Au fur et à mesure de l'entretien, Annie Ernaux évoque ses nombreuses influences : les Surréalistes (subversion totale), les intellectuels engagés (en particulier le sociologue Pierre Bourdieu), les critiques littéraires (Blanchot, Barthes, Goldmann, Starobinski, Butor, Jauss, Genette), les auteurs avec lesquels elle a un sentiment de proximité et de fraternité (Valéry Larbaud, Cesare Pavese, Paul Nizan), ceux qui la confortent dans sa recherche (Jean-Paul Sartre, Simone de Beauvoir, Michel Leiris, Pascal Quignard, Jacques Roubaud, Serge Doubrovsky, Ferdinando Camon), ceux qu'elle admire (Jean-Jacques Rousseau, Marcel Proust, Gustave Flaubert, André Breton, Georges Perec, John Steinbeck, Virginia Woolf) et enfin le courant du Nouveau Roman et la recherche d'une forme littéraire en dehors de toute reproduction, soit l'éclatement de la fiction ancienne.
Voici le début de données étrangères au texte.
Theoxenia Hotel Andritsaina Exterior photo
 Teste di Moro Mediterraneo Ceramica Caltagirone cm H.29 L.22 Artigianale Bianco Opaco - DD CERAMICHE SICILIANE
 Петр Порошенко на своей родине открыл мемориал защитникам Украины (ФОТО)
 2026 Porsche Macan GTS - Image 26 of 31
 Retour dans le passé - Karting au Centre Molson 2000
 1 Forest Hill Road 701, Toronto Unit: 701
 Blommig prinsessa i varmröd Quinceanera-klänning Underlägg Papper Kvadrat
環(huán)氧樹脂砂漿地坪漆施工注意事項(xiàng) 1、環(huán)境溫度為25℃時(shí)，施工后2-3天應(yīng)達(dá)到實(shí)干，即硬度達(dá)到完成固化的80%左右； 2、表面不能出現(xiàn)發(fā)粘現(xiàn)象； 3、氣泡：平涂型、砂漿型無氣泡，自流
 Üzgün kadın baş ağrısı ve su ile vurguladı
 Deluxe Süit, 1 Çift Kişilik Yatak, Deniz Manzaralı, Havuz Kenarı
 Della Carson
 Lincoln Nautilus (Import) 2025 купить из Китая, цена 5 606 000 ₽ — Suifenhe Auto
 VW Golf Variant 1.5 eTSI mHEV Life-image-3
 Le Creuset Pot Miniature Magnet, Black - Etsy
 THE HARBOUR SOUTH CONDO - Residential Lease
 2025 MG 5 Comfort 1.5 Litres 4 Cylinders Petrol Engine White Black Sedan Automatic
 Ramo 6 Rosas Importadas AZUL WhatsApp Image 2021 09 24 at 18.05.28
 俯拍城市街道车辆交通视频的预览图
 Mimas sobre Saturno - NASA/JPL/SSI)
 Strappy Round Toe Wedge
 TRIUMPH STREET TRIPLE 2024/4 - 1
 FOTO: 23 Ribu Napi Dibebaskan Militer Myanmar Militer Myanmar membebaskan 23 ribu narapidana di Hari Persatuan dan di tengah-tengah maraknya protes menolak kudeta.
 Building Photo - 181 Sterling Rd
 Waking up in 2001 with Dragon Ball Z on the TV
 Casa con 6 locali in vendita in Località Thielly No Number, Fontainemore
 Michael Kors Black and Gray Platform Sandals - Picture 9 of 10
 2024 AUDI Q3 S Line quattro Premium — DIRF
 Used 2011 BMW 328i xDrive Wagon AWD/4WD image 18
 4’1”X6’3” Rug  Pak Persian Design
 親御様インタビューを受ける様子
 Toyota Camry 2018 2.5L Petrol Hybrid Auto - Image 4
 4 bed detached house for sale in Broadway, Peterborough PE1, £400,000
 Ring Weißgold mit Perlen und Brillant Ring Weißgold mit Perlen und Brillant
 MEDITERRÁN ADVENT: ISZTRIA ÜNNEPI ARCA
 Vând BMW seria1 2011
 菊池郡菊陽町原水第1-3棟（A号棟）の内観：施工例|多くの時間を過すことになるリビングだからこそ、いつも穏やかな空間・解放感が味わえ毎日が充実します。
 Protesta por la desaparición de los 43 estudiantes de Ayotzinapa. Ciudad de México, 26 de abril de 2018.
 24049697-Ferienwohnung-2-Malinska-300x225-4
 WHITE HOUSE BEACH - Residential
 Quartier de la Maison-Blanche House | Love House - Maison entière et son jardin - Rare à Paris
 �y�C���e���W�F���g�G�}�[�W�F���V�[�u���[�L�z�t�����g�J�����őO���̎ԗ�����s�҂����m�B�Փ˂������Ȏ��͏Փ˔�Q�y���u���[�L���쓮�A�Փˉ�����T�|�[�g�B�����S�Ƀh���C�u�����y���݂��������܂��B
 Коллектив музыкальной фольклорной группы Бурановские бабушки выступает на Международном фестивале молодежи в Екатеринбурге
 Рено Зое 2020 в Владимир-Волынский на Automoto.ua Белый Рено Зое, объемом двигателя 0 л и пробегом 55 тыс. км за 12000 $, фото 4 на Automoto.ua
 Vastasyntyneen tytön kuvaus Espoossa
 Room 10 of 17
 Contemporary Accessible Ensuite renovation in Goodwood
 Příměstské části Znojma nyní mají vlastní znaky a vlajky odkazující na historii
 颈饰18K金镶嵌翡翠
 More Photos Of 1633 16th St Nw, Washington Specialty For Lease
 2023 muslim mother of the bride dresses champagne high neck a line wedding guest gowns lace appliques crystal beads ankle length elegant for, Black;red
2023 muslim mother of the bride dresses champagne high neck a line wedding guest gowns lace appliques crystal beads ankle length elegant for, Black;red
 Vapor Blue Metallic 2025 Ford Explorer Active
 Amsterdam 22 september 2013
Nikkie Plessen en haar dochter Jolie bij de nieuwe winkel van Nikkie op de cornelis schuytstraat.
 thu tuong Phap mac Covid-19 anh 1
Elle est épatée par la structure de Mrs Dalloway de Virginia Woolf et aime particulièrement l'oeuvre de Nathalie Sarraute, guidée par l'intention de dévoiler les enjeux de la vie sociale au moyen de la "sous-conversation", c'est-à-dire traquer les pensées et les mouvements les plus ténus de nos rapports avec les autres : "C'est moins le type d'écriture qui m'intéresse, qui me marque, que le projet qu'elle veut réaliser, qui se réalise à travers elle." En revanche, elle se sent étrangère à l'entreprise de Marguerite Duras (elle "fictionne" sa vie) et à l'usage de la poésie (incantations, reprises, effusions) à cause de l'absence d'historicité et de réalisme social.
Une auteur féministe ?
La mère d'Annie Ernaux accordait à sa fille la liberté de lire tout ce dont elle avait envie quand bon lui semblait, en l'absence totale de travaux dits féminins (couture, cuisine, ...). Elle lui a ainsi offert les conditions idéales pour réussir ses études en vue d'une indépendance matérielle. Annie Ernaux incarne un féminisme vivant renforcé par la lecture du Deuxième Sexe de Simone de Beauvoir (à 18 ans) et les conditions d'un avortement clandestin (le thème du récit L'Evènement en 2000). Elle milite au sein de l'association Choisir puis au MLAC de 1972 à 1975 (Mouvement pour la Liberté de l'Avortement et de la Contraception). Ses livres récents essuient de nombreuses critiques masculines, notamment concernant Passion simple, un anti-roman sentimental dans lequel sa liaison avec un homme marié sert de prétexte à dénoncer "une double obscénité" sociale et sexuelle : l'inégalité des conditions et des cultures entre hommes et femmes à travers un récit autobiographique rédigé de façon clinique. Elle s'étonne de ces réactions négatives alors que le phallocentrisme de Michel Houellebecq, par exemple, ne semble déranger personne ... Elle leur oppose, dans un aparté instructif, le quotidien de père de Raymond Carver - l'anti-macho - qui fut contraint de choisir la nouvelle car il ne pouvait pas se concentrer sur un texte long en présence de ses enfants criant et jouant dans un petit appartement. Cette anecdote lui permet de faire le lien entre ses propres difficultés de création et l'aliénation de la routine : travailler au dehors, s'occuper de ses deux enfants, faire les courses et les repas puis ne disposer que de quelques heures pour écrire et s'immerger dans un autre univers. Elle confesse un sentiment de culpabilité et d'illégitimité dès lors qu'elle se livre à une activité qui ne concerne pas la famille.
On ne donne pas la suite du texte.